As the ink dries on the last rebuttal to these four essays, Bonnidell Clouse concludes with a summary of ‘the four scaffolds’ constructed by the essayists, and then takes a helpful look at what is happening in churches today.
No evangelical spokesperson can be heard or taken seriously without engaging the traditional arguments supporting gender role hierarchy. At the same time, it is not enough to restate these arguments without engaging with equal seriousness the exegetical and hermeneutical work carried on in recent years, the results of which go a long way to support egalitarian role relationships in the church. It turns out in this debate that Liefeld and Mickelsen have been able to work with traditional arguments more convincingly than Culver and Foh engage egalitarian arguments.
Culver loses credibility with a patronizing tone and his refusal to engage seriously are points raised by other essayists. He assumes too much and dismisses without critical reflection any idea that challenges his assumptions.

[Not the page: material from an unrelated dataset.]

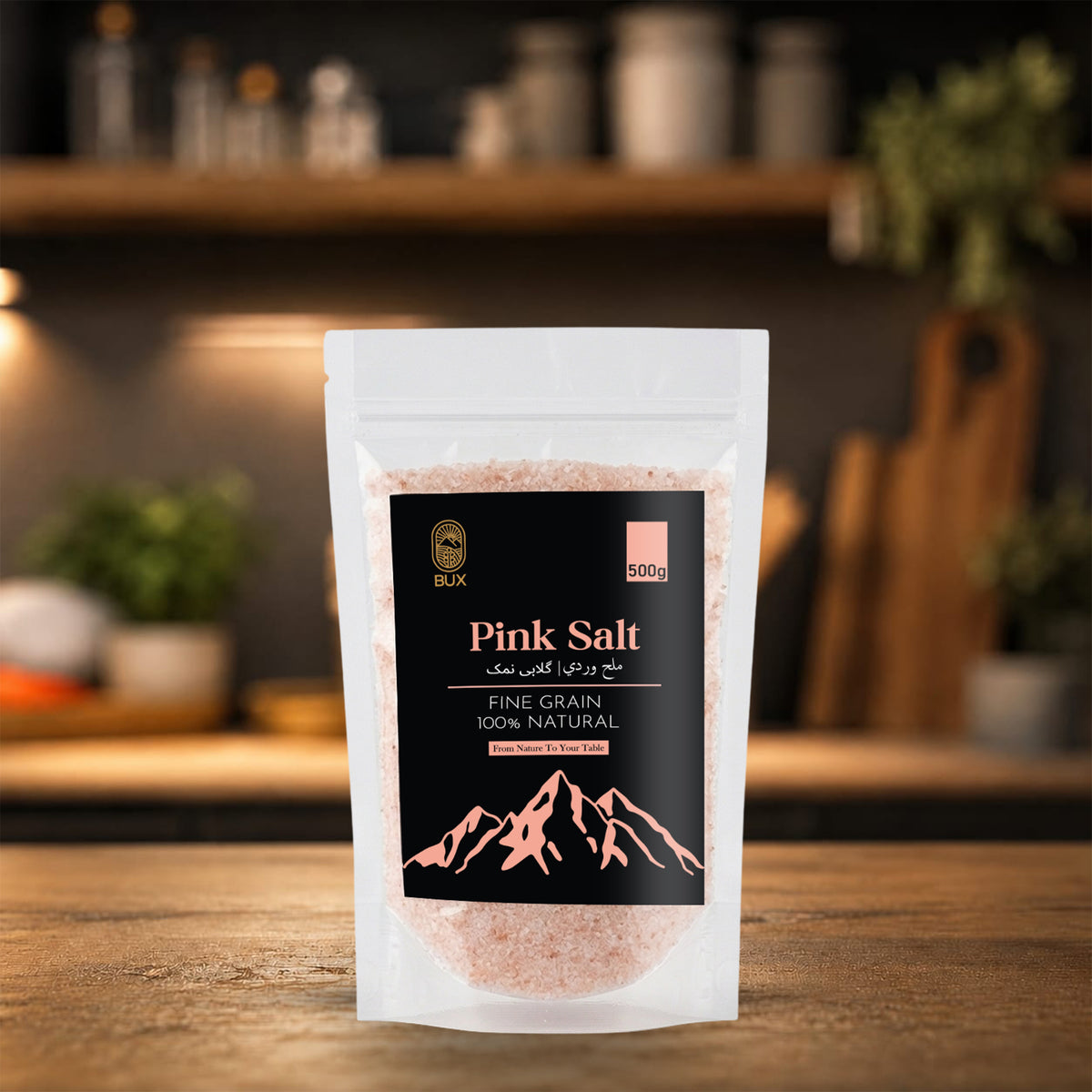 Bux Himalayan Pink Fine Salt Standup Pouch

Foh has carved out a niche in the discussion that leaves her vulnerable to assault from both sides. In attempting to distinguish her position from Culver’s absolute hierarchism and from Liefeld’s and Mickelsen’s more egalitarian emphases, she ends up sounding like a hair-splitter. But she takes the questions seriously and grapples with them within her hermeneutical framework.
Liefeld continues to raise the tantalizing questions that force an examination of the assumptions behind the traditional view. With Liefeld, however, it is sometimes clearer where he does NOT stand than where he does stand. What precisely does a ‘plural ministry’ model look like?
Mickelsen marshals the major arguments for an egalitarian position without falling into the ditch of a defensive posture. Instead, she finds a way to respond to the standard arguments supporting hierarchy while also moving the debate through a clear statement of biblical texts supporting her thesis.
Is the book worth reading? Yes. In it hardly a stone in the current debate is left unturned. Proponents of four distinct views have equal opportunity to make their case. Anyone interested in questions touching women in ministry will welcome this lively, balanced debate.